Of passing interest, Apple has a lot of iPads in their Refurb Store (well, in the UK, anyway).
This includes lots of M1 iPad Pros (2021 models).
To my mind, for an iPad, an M1 is going to be just as good as an M2 (neither will be pushed to the limit by most iPad apps); and the M1/M2 hardware is so similar that they are both likely to be supported into the future for the same length of time.
I just bought an 11-inch M1 iPad Pro, and even after bumping up to 256Gb storage and throwing in a Pencil, it was still cheaper than a base “current” model.
In short: if you’re after a discounted iPad Pro, there might be some options for you.
I very much like the idea of playing the piano from an iPad, using scores in Dorico.
They need refurbishing after two years?
No, I think these are generally perfectly fine, it’s just that their owners need the newest model every year, so they get rid of them.
Also, I would think that it is standard practice (or should be) for a company to check a used item which is intended to be resold for any physical damage, performance issues, potential problems, etc., and re-install and/or update software as needed. Apart from forestalling possible warranty claims, it enables the company to give the new owner accurate details on its condition. Refurbishing can cover all of this as well as actual repairs. In contrast, a lot of sellers on eBay and similar sites, selling not just computing devices but all sorts of items, seem to think that they can use the term “refurbished” when all that they have done is to brush the dust off and oil a hinge, for example.
Dan is right. There is a myriad of reasons why people return them. (And FWIW, my last iPad lasted 6 years.)
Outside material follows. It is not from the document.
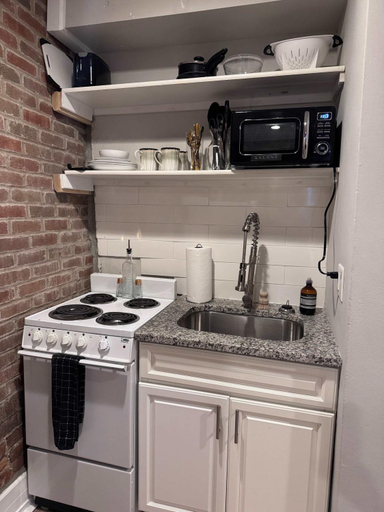 Kitchen 4, Jungle House Studio Suites – Short North & Convention Center, Franklin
Anything I’ve ever bought through the official refurb store on apple’s site has been in brand new condition (multiple devices, including a 5k iMac). The catch is that the official refurb store isn’t as cheap as you can find it elsewhere, but then again, buying the devices elsewhere don’t come with limited warranties either.
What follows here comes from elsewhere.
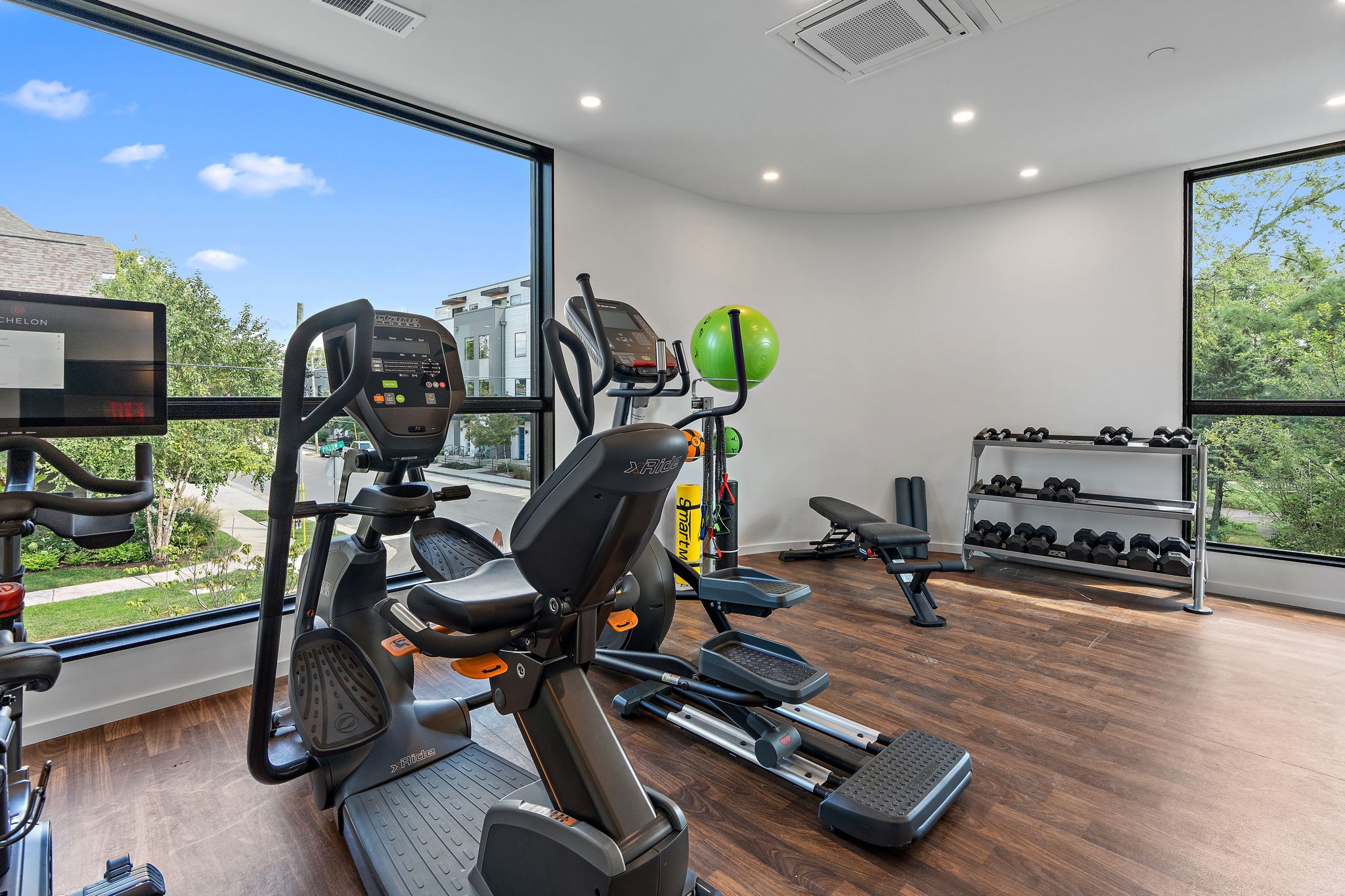 500 Merritt Ave Unit: 302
I lucked out and bought a used m1 12.9 pro off of someone on eBay a few months ago. Once you factor in the keyboard case, screen protector, pencil and whatnot, I saved over $1000 than if I had ordered new directly from Apple.
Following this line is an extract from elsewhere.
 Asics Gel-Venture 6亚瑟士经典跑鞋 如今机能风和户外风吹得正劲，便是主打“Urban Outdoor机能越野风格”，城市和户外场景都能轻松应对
Yep, only buy from Refurb. Been waiting for M3 to come out so I can get an M2 from there. Unless I wait until the M4?….
Just wanted to mention that at least in the US, the Apple Education store is pretty great too. Supposedly it’s only “available to current and newly accepted college students and their parents, as well as faculty, staff, and homeschool teachers of all grade levels,” but they don’t check. I’ve always gotten my kids’ laptops from there. Typically there’s a discount, but limited customization options when compared to the regular Apple store. For a 256GB Wi-fi iPad Pro:
Apple store (M2): $1,199
Apple Education store (M2): $1,099
Apple Refurbished store (M1): $979
Not sure if going from M1 to M2 is worth $120 to anyone, but it’s there as an option at least.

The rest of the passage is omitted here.